White has taken Perry to task for the many warts that have grown up in his decade as governor. Using state records, the Democrats discovered that Perry had spent an average of seven hours a week on state business in the first half of 2010; White took to calling him "part-time Perry." He has hammered Perry for rewarding his donors with coveted state appointments. (A new study by Texans for Public Justice found that Perry’s appointees had accounted for more than one-fifth of his campaign funds in his three runs for governor.) White decries the state’s alarming budget deficit at every opportunity. But he’s also convinced that Perry’s act is simply no longer connecting, and that Texans are ready for something radically different: a good-government guy with David Cross hair.

"He thinks he’s gonna buy it with thirty-second TV commercials," White tells me on the plane back to Houston. "The first one I saw—predictable as punch—had an image of me and President Obama in the same commercial. He figures that if most people want a new governor and he’s worn out his welcome, maybe he can get ’em mad at somebody else and stay in there.

"You can do it with theater for so long," White continues, "but after a while, you’re accountable for results. And in nine and a half years, nobody has seen Perry accept responsibility and roll up his shirtsleeves and fix things."

White’s Mr. Fix-It pitch is somewhat rare in Texas: elect me and government will run better. In a state where those who turn out to vote still tend to be small-government types, that’s a tough sell. Why would we want a good government when we don’t even want a government? But White is the antipolitical candidate in an antipolitical year. Even if he merely makes it close on November 2, it will be a moral victory for Texas Democrats—a sign that, even in what looks to be a rotten year for the national party, they actually can compete. And it will be another prick in Perry’s presidential balloon.

* * *

Perry has long pooh-poohed his presidential ambitions. Interviewed in late September on Inside Texas Politics, Perry indicated that he was already moving on to his next project—after the campaign book, that is. He said he’s organizing a coalition of small-government governors to "push back" against the federal government. Meanwhile, he continues to travel widely, taking his message of the Texas economic miracle to the rest of the country and sharply contrasting himself with Obama at every opportunity. In August, when the president made a rare visit to Texas, Perry attempted to hand him a hotly worded letter about the need for more border security in Texas as he deplaned in Austin; Obama had him give it to an aide. In a recent ad, a still of the brief and awkward encounter is captioned, "Perry Confronts Obama over border issues."

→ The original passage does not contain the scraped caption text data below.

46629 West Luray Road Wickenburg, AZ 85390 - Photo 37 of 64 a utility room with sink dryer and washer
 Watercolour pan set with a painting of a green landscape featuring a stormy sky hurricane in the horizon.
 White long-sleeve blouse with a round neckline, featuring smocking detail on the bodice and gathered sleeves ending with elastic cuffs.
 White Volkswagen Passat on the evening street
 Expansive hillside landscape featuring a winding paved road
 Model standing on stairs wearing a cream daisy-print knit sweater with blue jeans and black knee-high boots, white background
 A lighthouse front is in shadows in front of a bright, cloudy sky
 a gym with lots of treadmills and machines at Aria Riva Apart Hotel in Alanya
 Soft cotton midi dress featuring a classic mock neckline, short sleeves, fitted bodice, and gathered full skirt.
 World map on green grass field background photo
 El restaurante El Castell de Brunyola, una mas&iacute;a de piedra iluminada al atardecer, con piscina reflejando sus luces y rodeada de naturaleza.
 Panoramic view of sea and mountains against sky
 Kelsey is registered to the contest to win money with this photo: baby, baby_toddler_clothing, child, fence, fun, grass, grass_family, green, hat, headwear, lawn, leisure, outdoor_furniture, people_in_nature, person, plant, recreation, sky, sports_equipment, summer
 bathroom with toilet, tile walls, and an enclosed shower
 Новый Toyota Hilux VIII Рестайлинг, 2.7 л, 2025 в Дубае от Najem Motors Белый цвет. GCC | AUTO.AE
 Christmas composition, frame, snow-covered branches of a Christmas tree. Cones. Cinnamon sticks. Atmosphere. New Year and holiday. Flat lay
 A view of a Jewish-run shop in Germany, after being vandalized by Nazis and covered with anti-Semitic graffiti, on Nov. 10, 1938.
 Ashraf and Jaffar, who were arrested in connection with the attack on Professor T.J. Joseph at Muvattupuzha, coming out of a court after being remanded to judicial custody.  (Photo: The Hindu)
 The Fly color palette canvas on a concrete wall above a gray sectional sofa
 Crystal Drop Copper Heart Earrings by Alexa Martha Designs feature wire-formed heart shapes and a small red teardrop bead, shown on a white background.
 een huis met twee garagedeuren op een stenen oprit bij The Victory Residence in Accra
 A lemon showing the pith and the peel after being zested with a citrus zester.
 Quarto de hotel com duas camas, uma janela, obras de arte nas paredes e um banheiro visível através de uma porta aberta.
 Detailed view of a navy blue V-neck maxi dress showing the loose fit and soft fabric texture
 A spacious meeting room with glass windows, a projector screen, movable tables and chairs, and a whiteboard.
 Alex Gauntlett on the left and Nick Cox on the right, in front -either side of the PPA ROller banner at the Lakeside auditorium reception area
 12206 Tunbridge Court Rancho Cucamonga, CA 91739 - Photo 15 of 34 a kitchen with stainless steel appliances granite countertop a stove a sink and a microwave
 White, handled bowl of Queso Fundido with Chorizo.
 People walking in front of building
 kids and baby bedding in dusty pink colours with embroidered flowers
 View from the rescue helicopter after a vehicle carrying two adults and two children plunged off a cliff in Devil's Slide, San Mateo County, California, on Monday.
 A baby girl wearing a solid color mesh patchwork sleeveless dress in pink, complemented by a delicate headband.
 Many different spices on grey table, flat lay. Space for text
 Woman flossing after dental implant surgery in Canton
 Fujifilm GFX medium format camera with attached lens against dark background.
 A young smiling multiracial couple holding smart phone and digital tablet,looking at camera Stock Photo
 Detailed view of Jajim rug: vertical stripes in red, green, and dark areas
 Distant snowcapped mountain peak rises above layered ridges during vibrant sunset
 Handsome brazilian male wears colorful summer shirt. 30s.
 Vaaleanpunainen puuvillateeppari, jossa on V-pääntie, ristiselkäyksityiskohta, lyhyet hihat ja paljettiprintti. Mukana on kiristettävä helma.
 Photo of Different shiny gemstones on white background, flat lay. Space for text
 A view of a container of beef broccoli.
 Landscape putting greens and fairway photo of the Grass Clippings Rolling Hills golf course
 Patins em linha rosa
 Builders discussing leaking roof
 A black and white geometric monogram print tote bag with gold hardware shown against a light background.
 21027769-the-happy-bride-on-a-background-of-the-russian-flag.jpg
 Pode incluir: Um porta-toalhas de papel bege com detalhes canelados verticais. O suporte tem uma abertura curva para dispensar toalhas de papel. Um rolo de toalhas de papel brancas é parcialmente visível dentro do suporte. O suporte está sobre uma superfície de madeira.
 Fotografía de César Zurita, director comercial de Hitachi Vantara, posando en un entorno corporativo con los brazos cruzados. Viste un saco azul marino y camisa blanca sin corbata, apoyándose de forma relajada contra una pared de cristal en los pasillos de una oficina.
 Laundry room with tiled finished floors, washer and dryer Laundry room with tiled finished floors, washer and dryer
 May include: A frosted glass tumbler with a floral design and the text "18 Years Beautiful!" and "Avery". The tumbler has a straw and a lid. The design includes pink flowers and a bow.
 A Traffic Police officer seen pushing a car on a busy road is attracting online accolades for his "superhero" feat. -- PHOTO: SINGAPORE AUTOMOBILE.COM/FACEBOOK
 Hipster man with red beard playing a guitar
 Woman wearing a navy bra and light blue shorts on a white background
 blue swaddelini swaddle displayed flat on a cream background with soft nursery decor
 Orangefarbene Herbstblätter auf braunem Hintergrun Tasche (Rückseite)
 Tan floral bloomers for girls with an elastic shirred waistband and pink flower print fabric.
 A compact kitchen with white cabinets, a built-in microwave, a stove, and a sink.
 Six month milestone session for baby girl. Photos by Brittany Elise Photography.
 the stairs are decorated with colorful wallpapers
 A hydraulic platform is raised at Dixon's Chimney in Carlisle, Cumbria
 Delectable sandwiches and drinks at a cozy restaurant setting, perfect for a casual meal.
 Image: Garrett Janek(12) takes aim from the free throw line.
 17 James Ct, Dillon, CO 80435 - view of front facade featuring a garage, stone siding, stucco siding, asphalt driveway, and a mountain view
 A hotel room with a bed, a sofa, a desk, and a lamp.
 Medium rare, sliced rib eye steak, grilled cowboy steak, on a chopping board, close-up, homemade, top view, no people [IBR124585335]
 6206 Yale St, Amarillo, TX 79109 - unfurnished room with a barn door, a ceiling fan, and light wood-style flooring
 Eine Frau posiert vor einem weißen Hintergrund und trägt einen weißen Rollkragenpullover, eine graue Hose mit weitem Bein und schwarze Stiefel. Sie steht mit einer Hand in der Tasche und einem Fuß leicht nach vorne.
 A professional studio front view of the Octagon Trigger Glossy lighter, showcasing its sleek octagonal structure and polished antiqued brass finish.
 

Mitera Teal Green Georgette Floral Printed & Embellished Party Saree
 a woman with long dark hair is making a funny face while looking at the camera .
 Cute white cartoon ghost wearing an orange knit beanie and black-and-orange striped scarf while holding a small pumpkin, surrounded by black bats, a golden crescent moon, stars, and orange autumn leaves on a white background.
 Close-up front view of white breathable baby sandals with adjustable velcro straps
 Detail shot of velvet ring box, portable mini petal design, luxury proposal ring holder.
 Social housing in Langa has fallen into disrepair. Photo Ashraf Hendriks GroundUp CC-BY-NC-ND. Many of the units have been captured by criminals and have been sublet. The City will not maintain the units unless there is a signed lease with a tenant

There’s no guarantee that Perry, whose campaign has begun to unleash a barrage of "shock and awe" attack ads against White, won’t come on strong in the end. He could still win a strong-enough victory to propel him into 2012 with a glimmer of hope. Texans have never loved Rick Perry, but they’ve also never failed to elect him in four statewide campaigns. The governor, meanwhile, is dismissing budget doomsayers as manipulators of "crystal balls and Ouija boards" and sticking to the "Morning in America" script.

"Voters will look at the economy and realize Texas is better off than practically any state in the country," Perry said at an Arab-American Cultural and Community Center forum in Houston in September. "People still know there is something special about Texas." He has to hope so.